*** Block opens ***

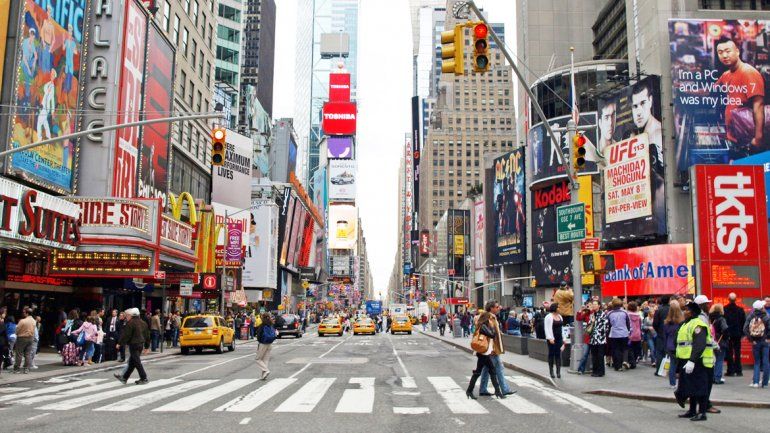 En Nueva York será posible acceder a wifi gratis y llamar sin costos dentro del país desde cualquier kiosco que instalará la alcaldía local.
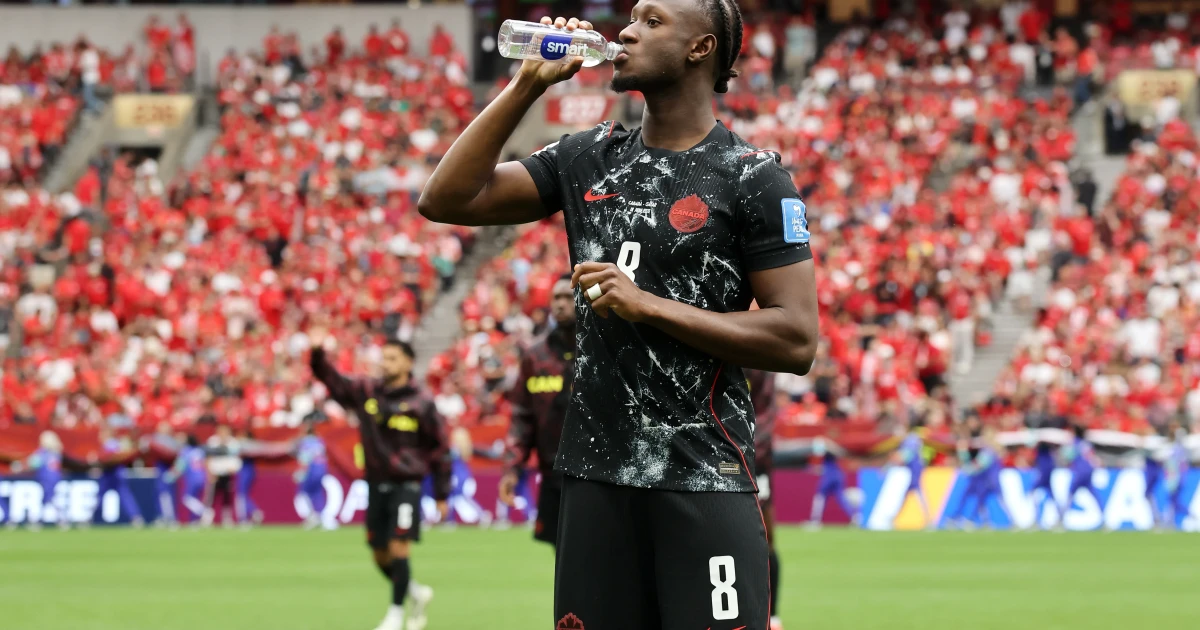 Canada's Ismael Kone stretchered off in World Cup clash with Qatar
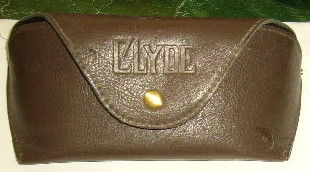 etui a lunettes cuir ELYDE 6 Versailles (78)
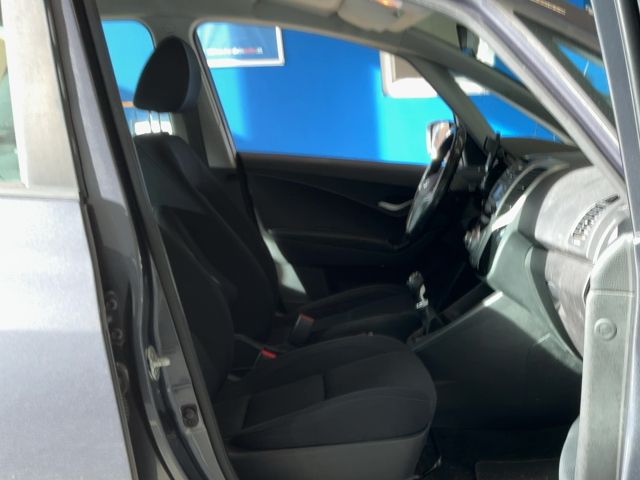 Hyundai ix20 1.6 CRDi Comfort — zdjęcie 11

*** Block closes ***

## What to work on
What is needed is the whole listing again, set down exactly, without its pictures.

## Your response
 En Nueva York será posible acceder a wifi gratis y llamar sin costos dentro del país desde cualquier kiosco que instalará la alcaldía local.
 Canada's Ismael Kone stretchered off in World Cup clash with Qatar
 etui a lunettes cuir ELYDE 6 Versailles (78)
 Hyundai ix20 1.6 CRDi Comfort — zdjęcie 11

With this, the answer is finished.